Potassium is a chemical element that is essential for the body, especially the nervous system and muscle contraction. Potassium is also used by the autonomic nervous system (SSO), which is the controlling heart rate, brain function, and other important physiological processes.


Potassium is found in most of the body in the form of electrolyte and abundant in the digestive tract.

In the body, potassium is usually working with sodium or sodium (Na) to regulate the bodys electrolyte balance charge. This balance is maintained by adjusting the amount of potassium intake from foods and the amount of potassium removed.


For adequate intake of potassium for the body, you can eat some foods, as quoted from Healthmeup, below.

1. Baked potato. A baked potato with skin contains 840 mg of potassium. Potatoes suitable for a diet, because a large potato with skin contains only 160 calories.

2. Melon. One piece of melon contains 60 calories, but rich in potassium as much as 680 mg. Melon delicious eaten just like that, processed sebaghai drink or in your salad bowl.

3. Raisins. The dried grapes are also rich in potassium. A half cup of raisins contains 555 mg of potassium. Used as a complementary bowl of delicious raisin oatmeal you at breakfast. In addition, the raisins are also a type of dried fruit that can supply energy because it is easily absorbed.

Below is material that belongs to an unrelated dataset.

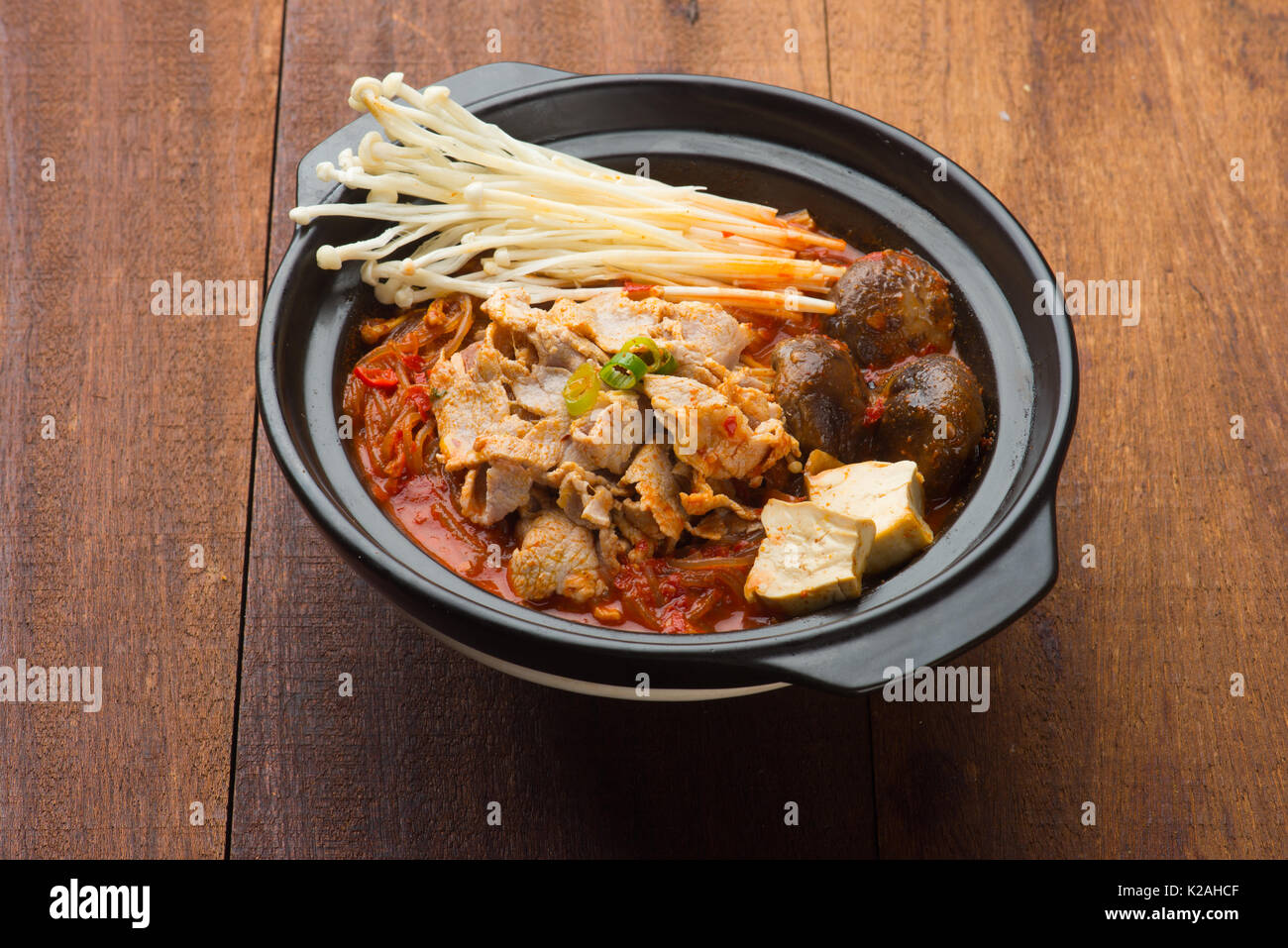 Kimchi Suppe Nudelsuppe in einem Topf Stockfoto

4. Avocado. Fruit is often referred to as fruit butters this one, containing 602 mg of potassium. Avocados can be processed as juice, mixed salad, or dionsumsi granted.

5. Dried apricots. If you like to eat dried fruit, dried apricots can be the right choice. Half a cup of apricots contains as much as 480 mg of potassium.

6. Tomato juice. One of the complementary manufacturing of this sauce not only contains lycopene, but also enriched with potassium. In one cup of tomato juice, you will get the benefits of 480 mg of potassium.

7. Orange juice. In addition to the wealth of vitamin C, orange juice also has the benefit of as many as 503 mg of potassium in each glass. Orange juice can be enjoyed at breakfast or lunch before heading.

8. Yoghurt. There are many reasons for you to enjoy a dish of yogurt. In addition to natural fibers, yogurt is fortified with 530 mg of potassium in each cup. Add yogurt pure in fruit salad, or a refreshing glass of smoothie.